TASK DESCRIPTION = Print every line of the data word for word.

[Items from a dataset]
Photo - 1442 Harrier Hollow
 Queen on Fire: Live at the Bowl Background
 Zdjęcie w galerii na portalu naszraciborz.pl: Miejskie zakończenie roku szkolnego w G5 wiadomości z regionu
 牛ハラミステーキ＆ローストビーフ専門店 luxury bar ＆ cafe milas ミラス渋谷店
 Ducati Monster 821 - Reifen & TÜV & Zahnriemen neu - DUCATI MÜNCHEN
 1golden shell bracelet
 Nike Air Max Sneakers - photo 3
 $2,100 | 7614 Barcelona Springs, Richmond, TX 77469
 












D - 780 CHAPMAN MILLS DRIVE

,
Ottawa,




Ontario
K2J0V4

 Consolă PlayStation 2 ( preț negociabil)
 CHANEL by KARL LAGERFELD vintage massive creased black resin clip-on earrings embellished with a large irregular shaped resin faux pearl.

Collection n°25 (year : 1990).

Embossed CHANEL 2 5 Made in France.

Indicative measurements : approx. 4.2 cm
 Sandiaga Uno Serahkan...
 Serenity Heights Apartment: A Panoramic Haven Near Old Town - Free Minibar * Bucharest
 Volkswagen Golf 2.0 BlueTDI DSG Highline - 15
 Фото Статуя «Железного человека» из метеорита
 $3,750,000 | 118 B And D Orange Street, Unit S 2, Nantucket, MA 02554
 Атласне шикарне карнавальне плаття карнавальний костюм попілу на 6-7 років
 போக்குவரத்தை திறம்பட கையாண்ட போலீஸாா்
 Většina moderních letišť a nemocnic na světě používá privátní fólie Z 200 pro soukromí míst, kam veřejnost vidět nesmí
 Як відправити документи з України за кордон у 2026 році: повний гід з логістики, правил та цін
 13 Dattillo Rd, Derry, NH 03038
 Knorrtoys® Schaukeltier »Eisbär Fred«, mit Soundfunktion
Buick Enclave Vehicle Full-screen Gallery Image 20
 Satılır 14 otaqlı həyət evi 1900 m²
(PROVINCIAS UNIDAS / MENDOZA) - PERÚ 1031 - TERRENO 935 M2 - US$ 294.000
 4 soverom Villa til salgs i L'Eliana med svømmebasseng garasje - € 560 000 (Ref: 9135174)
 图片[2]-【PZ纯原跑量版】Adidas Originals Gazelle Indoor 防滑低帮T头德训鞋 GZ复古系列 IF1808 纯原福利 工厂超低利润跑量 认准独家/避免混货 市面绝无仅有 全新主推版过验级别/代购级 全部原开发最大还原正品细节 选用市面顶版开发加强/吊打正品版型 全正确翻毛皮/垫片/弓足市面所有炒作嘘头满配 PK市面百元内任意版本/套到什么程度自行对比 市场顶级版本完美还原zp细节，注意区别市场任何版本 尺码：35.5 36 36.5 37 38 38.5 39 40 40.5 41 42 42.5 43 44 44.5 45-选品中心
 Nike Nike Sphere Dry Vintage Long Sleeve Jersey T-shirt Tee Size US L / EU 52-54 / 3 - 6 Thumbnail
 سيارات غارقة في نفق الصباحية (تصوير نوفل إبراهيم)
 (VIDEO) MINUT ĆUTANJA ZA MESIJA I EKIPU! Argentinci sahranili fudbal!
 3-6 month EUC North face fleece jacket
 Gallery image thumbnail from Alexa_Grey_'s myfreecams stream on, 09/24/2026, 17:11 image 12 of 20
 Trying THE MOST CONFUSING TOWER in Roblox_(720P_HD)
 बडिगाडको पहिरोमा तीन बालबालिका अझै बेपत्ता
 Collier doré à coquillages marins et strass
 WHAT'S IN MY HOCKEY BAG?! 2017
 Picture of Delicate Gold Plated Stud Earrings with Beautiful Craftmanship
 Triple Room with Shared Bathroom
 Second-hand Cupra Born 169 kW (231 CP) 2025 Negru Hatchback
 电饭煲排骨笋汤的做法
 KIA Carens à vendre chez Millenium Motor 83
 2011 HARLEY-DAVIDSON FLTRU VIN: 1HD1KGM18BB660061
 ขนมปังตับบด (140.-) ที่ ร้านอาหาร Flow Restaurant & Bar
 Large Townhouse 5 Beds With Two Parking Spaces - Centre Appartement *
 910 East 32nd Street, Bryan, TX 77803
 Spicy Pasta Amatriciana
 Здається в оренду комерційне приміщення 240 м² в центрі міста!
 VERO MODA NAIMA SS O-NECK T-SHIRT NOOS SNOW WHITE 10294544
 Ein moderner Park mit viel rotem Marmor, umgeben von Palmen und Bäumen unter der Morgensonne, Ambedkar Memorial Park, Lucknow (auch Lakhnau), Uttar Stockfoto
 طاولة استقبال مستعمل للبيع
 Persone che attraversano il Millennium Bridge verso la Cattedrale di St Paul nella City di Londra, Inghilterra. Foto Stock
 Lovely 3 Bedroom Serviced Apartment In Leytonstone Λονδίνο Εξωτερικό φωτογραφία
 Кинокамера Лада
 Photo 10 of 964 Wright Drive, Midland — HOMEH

RESPONSE AREA =
Photo - 1442 Harrier Hollow
 Queen on Fire: Live at the Bowl Background
 Zdjęcie w galerii na portalu naszraciborz.pl: Miejskie zakończenie roku szkolnego w G5 wiadomości z regionu
 牛ハラミステーキ＆ローストビーフ専門店 luxury bar ＆ cafe milas ミラス渋谷店
 Ducati Monster 821 - Reifen & TÜV & Zahnriemen neu - DUCATI MÜNCHEN
 1golden shell bracelet
 Nike Air Max Sneakers - photo 3
 $2,100 | 7614 Barcelona Springs, Richmond, TX 77469
 












D - 780 CHAPMAN MILLS DRIVE

,
Ottawa,




Ontario
K2J0V4

 Consolă PlayStation 2 ( preț negociabil)
 CHANEL by KARL LAGERFELD vintage massive creased black resin clip-on earrings embellished with a large irregular shaped resin faux pearl.

Collection n°25 (year : 1990).

Embossed CHANEL 2 5 Made in France.

Indicative measurements : approx. 4.2 cm
 Sandiaga Uno Serahkan...
 Serenity Heights Apartment: A Panoramic Haven Near Old Town - Free Minibar * Bucharest
 Volkswagen Golf 2.0 BlueTDI DSG Highline - 15
 Фото Статуя «Железного человека» из метеорита
 $3,750,000 | 118 B And D Orange Street, Unit S 2, Nantucket, MA 02554
 Атласне шикарне карнавальне плаття карнавальний костюм попілу на 6-7 років
 போக்குவரத்தை திறம்பட கையாண்ட போலீஸாா்
 Většina moderních letišť a nemocnic na světě používá privátní fólie Z 200 pro soukromí míst, kam veřejnost vidět nesmí
 Як відправити документи з України за кордон у 2026 році: повний гід з логістики, правил та цін
 13 Dattillo Rd, Derry, NH 03038
 Knorrtoys® Schaukeltier »Eisbär Fred«, mit Soundfunktion
Buick Enclave Vehicle Full-screen Gallery Image 20
 Satılır 14 otaqlı həyət evi 1900 m²
(PROVINCIAS UNIDAS / MENDOZA) - PERÚ 1031 - TERRENO 935 M2 - US$ 294.000
 4 soverom Villa til salgs i L'Eliana med svømmebasseng garasje - € 560 000 (Ref: 9135174)
 图片[2]-【PZ纯原跑量版】Adidas Originals Gazelle Indoor 防滑低帮T头德训鞋 GZ复古系列 IF1808 纯原福利 工厂超低利润跑量 认准独家/避免混货 市面绝无仅有 全新主推版过验级别/代购级 全部原开发最大还原正品细节 选用市面顶版开发加强/吊打正品版型 全正确翻毛皮/垫片/弓足市面所有炒作嘘头满配 PK市面百元内任意版本/套到什么程度自行对比 市场顶级版本完美还原zp细节，注意区别市场任何版本 尺码：35.5 36 36.5 37 38 38.5 39 40 40.5 41 42 42.5 43 44 44.5 45-选品中心
 Nike Nike Sphere Dry Vintage Long Sleeve Jersey T-shirt Tee Size US L / EU 52-54 / 3 - 6 Thumbnail
 سيارات غارقة في نفق الصباحية (تصوير نوفل إبراهيم)
 (VIDEO) MINUT ĆUTANJA ZA MESIJA I EKIPU! Argentinci sahranili fudbal!
 3-6 month EUC North face fleece jacket
 Gallery image thumbnail from Alexa_Grey_'s myfreecams stream on, 09/24/2026, 17:11 image 12 of 20
 Trying THE MOST CONFUSING TOWER in Roblox_(720P_HD)
 बडिगाडको पहिरोमा तीन बालबालिका अझै बेपत्ता
 Collier doré à coquillages marins et strass
 WHAT'S IN MY HOCKEY BAG?! 2017
 Picture of Delicate Gold Plated Stud Earrings with Beautiful Craftmanship
 Triple Room with Shared Bathroom
 Second-hand Cupra Born 169 kW (231 CP) 2025 Negru Hatchback
 电饭煲排骨笋汤的做法
 KIA Carens à vendre chez Millenium Motor 83
 2011 HARLEY-DAVIDSON FLTRU VIN: 1HD1KGM18BB660061
 ขนมปังตับบด (140.-) ที่ ร้านอาหาร Flow Restaurant & Bar
 Large Townhouse 5 Beds With Two Parking Spaces - Centre Appartement *
 910 East 32nd Street, Bryan, TX 77803
 Spicy Pasta Amatriciana
 Здається в оренду комерційне приміщення 240 м² в центрі міста!
 VERO MODA NAIMA SS O-NECK T-SHIRT NOOS SNOW WHITE 10294544
 Ein moderner Park mit viel rotem Marmor, umgeben von Palmen und Bäumen unter der Morgensonne, Ambedkar Memorial Park, Lucknow (auch Lakhnau), Uttar Stockfoto
 طاولة استقبال مستعمل للبيع
 Persone che attraversano il Millennium Bridge verso la Cattedrale di St Paul nella City di Londra, Inghilterra. Foto Stock
 Lovely 3 Bedroom Serviced Apartment In Leytonstone Λονδίνο Εξωτερικό φωτογραφία
 Кинокамера Лада
 Photo 10 of 964 Wright Drive, Midland — HOMEH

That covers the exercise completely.